▶ _RECORDS FOR PROCESSING_
_ _ _

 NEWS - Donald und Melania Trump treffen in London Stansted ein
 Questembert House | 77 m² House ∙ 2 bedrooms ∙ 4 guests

_ _ _

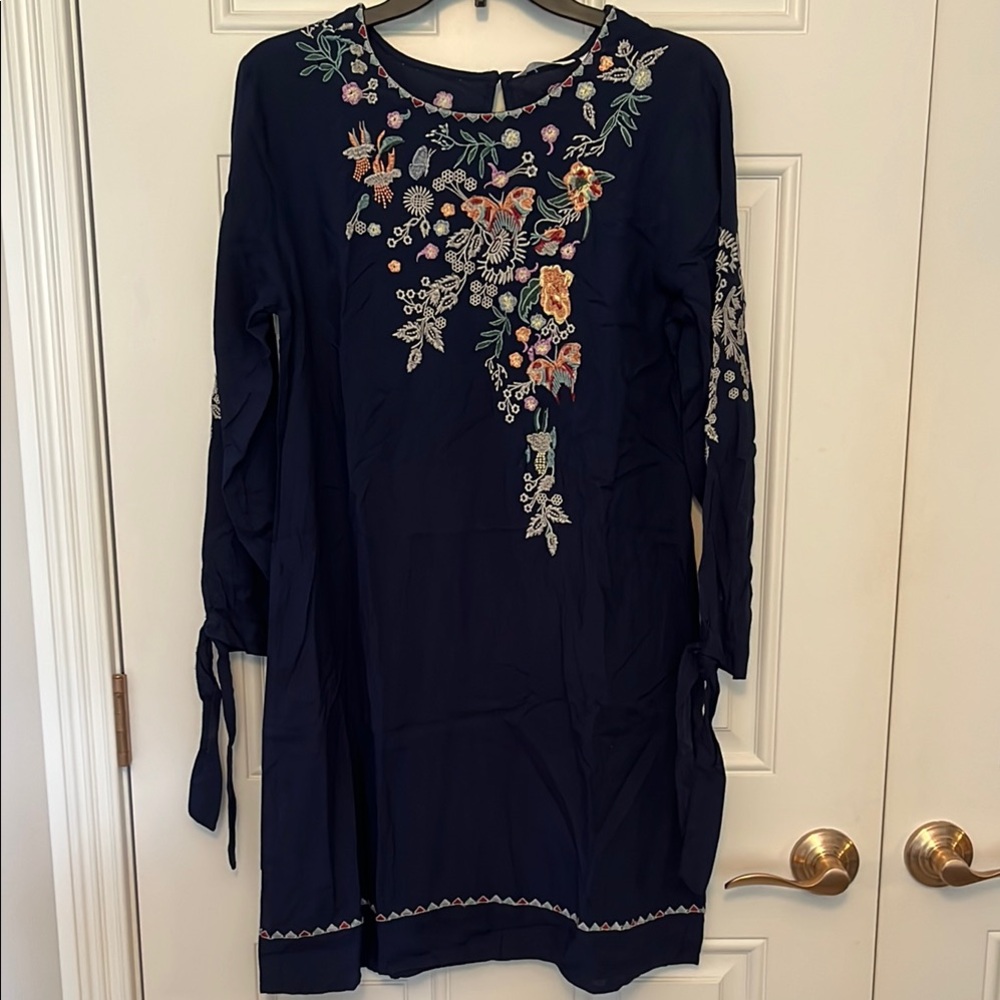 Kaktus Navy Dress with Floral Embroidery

_ _ _

▶ _PROMPT_
Looking at the data above, write out exactly the lines that start at the one containing "NEWS - Donald" and end at the one containing "Questembert House |"; include both and nothing beyond.

▶ _THE COMPLETED TASK_
 NEWS - Donald und Melania Trump treffen in London Stansted ein
 Questembert House | 77 m² House ∙ 2 bedrooms ∙ 4 guests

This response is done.